Content starts

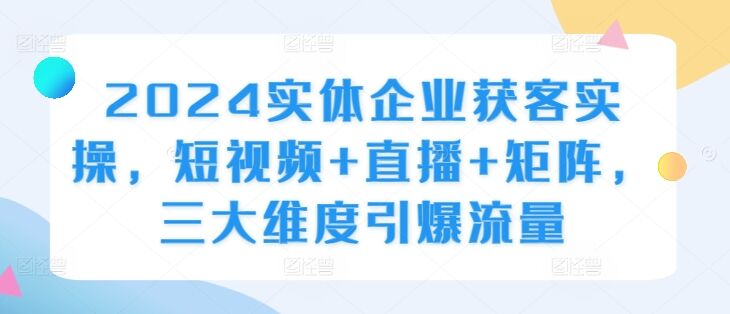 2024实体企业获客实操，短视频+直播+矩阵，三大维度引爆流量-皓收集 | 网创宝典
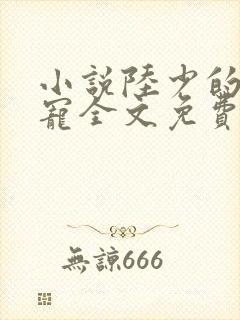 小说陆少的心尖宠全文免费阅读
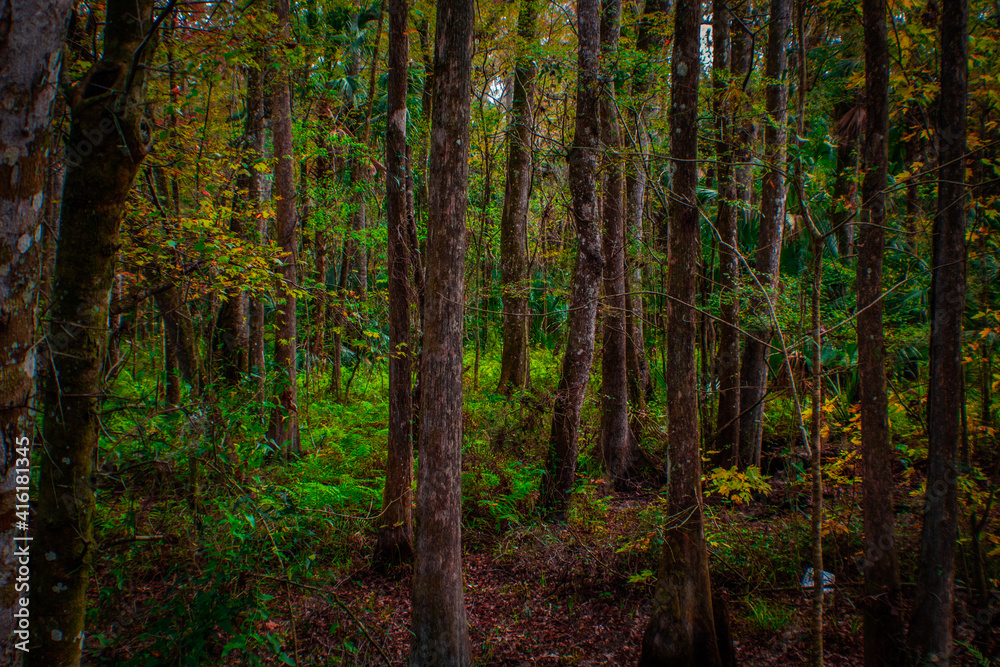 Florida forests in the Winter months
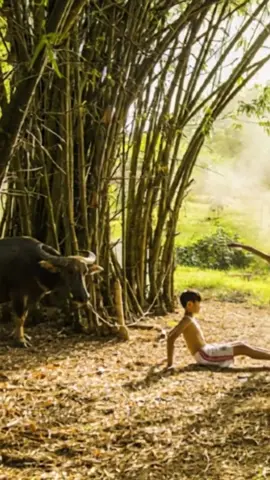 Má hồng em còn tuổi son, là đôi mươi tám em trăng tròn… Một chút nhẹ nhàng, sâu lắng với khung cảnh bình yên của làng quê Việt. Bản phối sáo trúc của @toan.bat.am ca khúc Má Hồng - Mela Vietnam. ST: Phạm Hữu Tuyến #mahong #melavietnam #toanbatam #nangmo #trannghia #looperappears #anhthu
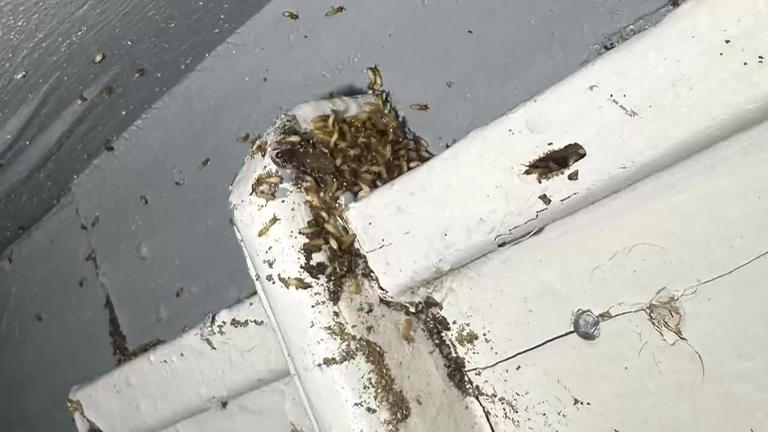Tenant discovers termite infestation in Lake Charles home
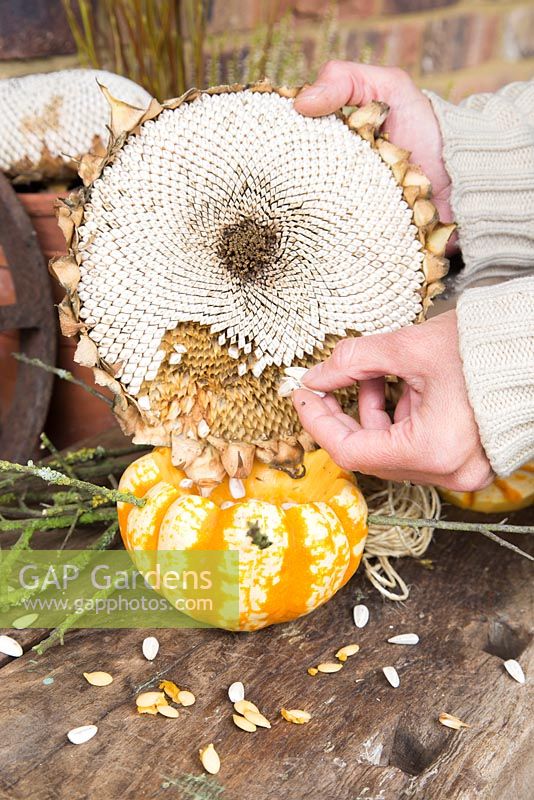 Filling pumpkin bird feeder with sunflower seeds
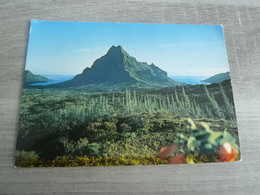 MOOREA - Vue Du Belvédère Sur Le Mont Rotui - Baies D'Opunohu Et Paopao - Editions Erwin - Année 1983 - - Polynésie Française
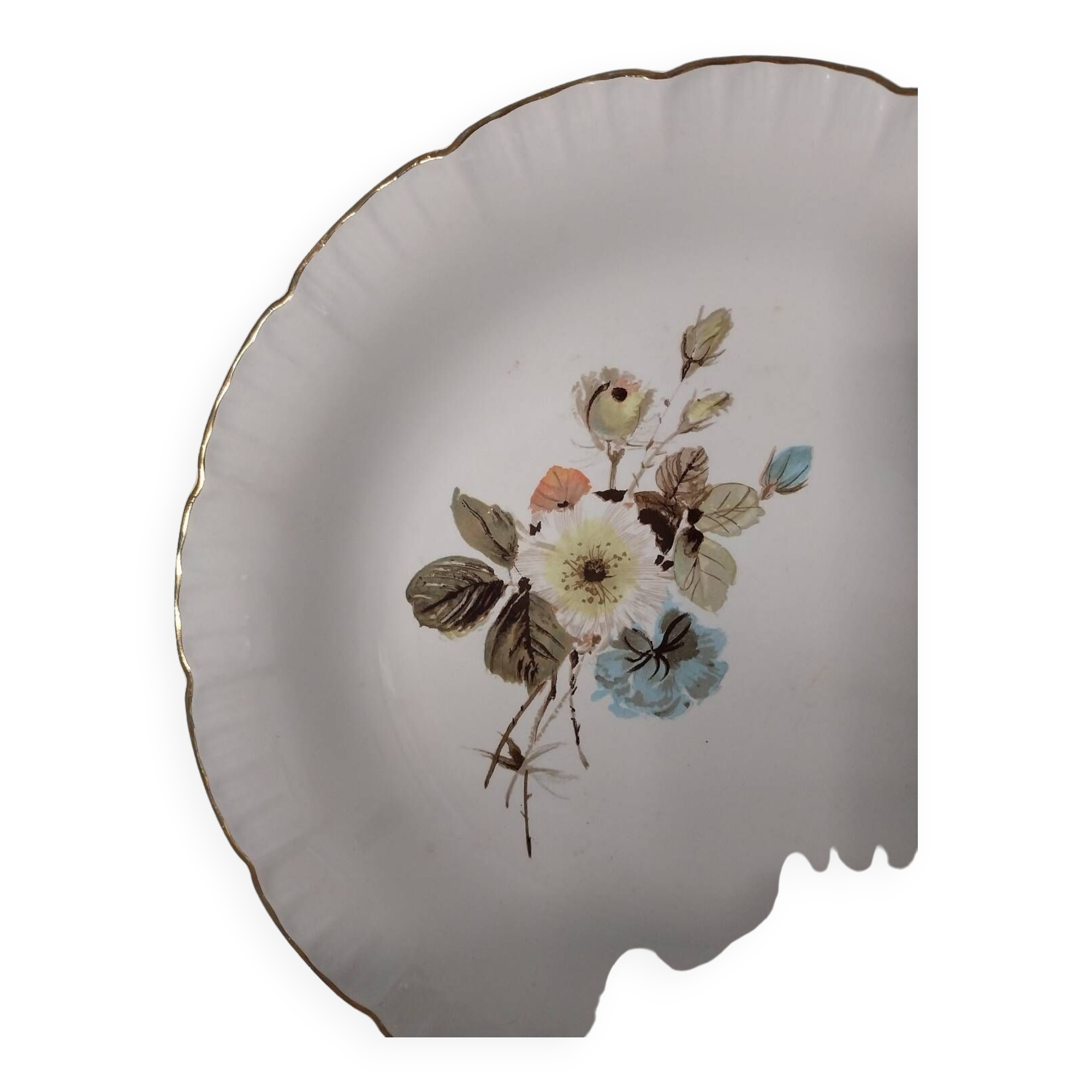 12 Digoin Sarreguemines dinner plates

Content ends

### Task to complete
Please repeat, with no pictures, each line from the start of the records above through the line with "Florida forests in the Winter months", inclusive, and only those.

### Task answer
 2024实体企业获客实操，短视频+直播+矩阵，三大维度引爆流量-皓收集 | 网创宝典
 小说陆少的心尖宠全文免费阅读
 Florida forests in the Winter months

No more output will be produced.